FDA grants RMAT to BrainChild Bio’s CAR T-cell therapy for DIPG

This marks a step forward in the development of treatments for this incurable paediatric brain tumour.

BrainChild Bio noted that a CAR T-cell therapy overcomes the challenges posed by DIPG, such as its location in the brainstem, the tumour’s infiltrative growth, and the intact blood-brain barrier during the progression of the tumour.

According to the company, BCB-276 is tailored to be administered by a locoregional delivery of targeted CAR T-cells into the cerebrospinal fluid directly via an indwelling reservoir-catheter device, allowing the cells to access the tumour bed.
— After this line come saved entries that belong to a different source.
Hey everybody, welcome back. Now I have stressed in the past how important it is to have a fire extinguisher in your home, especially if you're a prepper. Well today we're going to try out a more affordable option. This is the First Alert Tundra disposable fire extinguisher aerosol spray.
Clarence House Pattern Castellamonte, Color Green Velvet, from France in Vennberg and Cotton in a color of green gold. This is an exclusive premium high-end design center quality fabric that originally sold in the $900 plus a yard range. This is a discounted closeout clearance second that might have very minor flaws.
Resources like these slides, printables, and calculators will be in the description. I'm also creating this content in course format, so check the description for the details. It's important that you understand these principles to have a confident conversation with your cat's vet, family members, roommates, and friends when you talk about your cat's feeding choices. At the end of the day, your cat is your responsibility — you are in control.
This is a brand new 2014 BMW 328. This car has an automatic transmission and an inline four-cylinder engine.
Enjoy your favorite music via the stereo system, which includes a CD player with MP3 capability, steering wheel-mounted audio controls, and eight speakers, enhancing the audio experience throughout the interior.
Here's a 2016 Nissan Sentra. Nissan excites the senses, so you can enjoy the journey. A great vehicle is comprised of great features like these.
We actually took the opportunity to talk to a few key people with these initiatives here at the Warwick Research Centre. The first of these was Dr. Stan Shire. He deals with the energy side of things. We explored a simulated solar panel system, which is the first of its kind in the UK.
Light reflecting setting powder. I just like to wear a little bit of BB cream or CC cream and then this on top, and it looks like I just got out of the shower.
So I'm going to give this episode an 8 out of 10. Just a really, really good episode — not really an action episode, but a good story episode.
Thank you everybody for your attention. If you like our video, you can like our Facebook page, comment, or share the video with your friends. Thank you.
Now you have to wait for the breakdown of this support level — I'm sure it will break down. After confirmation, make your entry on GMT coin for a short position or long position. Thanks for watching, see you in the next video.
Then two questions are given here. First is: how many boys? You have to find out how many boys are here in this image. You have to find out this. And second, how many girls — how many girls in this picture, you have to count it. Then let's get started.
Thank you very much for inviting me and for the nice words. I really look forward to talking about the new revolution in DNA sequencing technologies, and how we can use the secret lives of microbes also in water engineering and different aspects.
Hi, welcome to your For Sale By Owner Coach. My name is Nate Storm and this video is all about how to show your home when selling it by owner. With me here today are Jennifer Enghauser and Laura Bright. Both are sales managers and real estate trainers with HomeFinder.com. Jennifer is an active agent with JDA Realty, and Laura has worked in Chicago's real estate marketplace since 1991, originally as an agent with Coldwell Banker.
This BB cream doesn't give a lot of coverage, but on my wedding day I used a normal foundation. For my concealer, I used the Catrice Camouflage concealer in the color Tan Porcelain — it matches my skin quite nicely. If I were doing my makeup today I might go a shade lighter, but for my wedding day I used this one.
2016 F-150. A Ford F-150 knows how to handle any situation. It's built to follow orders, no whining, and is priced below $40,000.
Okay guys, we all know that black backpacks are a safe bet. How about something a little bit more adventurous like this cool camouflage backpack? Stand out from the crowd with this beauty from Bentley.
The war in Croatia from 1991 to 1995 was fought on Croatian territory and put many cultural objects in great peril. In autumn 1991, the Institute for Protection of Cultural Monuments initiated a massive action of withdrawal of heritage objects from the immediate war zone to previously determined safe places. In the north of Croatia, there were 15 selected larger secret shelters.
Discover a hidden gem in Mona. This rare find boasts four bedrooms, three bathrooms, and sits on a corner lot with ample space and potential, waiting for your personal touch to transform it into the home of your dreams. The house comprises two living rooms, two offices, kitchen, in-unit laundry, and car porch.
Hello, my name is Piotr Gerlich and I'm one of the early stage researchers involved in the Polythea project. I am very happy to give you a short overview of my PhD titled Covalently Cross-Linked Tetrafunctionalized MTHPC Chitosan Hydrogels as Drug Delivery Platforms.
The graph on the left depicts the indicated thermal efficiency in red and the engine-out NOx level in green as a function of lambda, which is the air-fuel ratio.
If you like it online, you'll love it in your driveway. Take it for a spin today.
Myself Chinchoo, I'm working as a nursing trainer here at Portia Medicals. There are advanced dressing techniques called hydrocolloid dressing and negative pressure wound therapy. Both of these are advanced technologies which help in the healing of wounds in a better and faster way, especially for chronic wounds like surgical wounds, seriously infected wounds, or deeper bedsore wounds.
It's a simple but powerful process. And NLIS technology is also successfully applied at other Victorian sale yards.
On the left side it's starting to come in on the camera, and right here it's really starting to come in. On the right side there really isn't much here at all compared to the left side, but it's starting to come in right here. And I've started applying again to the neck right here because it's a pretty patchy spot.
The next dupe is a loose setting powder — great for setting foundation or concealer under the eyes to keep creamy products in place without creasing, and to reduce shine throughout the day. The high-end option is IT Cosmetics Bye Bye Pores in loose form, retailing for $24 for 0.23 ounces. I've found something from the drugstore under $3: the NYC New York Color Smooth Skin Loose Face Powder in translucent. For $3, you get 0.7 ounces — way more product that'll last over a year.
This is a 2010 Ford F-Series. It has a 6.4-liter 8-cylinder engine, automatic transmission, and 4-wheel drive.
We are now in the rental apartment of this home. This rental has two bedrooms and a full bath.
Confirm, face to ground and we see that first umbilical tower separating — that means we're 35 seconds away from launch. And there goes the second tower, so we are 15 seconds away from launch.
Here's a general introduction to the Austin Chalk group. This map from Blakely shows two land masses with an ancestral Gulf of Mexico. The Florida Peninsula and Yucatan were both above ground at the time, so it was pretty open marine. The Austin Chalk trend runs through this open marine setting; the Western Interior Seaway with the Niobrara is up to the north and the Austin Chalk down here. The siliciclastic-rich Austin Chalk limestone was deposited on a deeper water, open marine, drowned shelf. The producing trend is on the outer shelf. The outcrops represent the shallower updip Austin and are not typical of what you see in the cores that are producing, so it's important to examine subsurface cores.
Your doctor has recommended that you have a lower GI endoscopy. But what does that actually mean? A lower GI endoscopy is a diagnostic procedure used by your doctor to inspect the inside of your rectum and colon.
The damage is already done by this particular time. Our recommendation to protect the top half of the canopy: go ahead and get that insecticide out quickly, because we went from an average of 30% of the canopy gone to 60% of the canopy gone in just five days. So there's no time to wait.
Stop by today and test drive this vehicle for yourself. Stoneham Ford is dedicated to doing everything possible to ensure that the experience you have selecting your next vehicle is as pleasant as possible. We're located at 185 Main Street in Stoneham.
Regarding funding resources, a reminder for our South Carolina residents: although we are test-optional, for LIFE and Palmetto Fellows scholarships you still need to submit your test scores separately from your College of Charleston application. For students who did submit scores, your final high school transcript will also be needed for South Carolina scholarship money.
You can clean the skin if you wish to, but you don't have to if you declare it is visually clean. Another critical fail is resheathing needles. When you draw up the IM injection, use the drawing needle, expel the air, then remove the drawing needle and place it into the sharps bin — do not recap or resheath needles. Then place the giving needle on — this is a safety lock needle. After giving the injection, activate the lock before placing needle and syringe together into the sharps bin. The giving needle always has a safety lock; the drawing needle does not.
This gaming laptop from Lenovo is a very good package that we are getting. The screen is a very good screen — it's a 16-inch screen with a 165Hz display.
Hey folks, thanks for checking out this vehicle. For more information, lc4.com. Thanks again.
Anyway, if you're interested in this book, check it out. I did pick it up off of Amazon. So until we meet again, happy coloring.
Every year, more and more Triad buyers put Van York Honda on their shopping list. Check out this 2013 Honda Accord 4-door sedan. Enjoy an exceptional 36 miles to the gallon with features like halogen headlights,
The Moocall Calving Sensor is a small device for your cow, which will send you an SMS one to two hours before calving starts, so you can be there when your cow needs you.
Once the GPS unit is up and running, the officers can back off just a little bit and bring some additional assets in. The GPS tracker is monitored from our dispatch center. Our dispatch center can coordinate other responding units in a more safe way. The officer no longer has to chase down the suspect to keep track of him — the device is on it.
This method of administration of B7-H3 CAR T-cell therapy was leveraged, and as a result, the outcomes from the BrainChild-03 Phase I trial, carried out by the company’s partner, Seattle Children’s Research Institute in the US, demonstrated an overall survival benefit in individuals with brain tumours.

BrainChild Bio chief scientific officer and founder Michael Jensen said: “We are very pleased to now also receive RMAT designation, less than one month after being granted breakthrough therapy designation from the FDA for our lead CAR T therapy, BCB-276, for the treatment of DIPG.

“Receiving designations from two independent reviews within the FDA further validates the positive CAR-T clinical results achieved by our team to date and the urgent need for a treatment for DIPG.”

The company is currently preparing to progress the therapy into a Phase II study.

This multi-centre, registration trial is intended to provide backing for a potential biologics licence application (BLA) to the US regulator for treating paediatric and young adults with DIPG.

This plan has been formulated following a Type B meeting with the agency, which took place last year.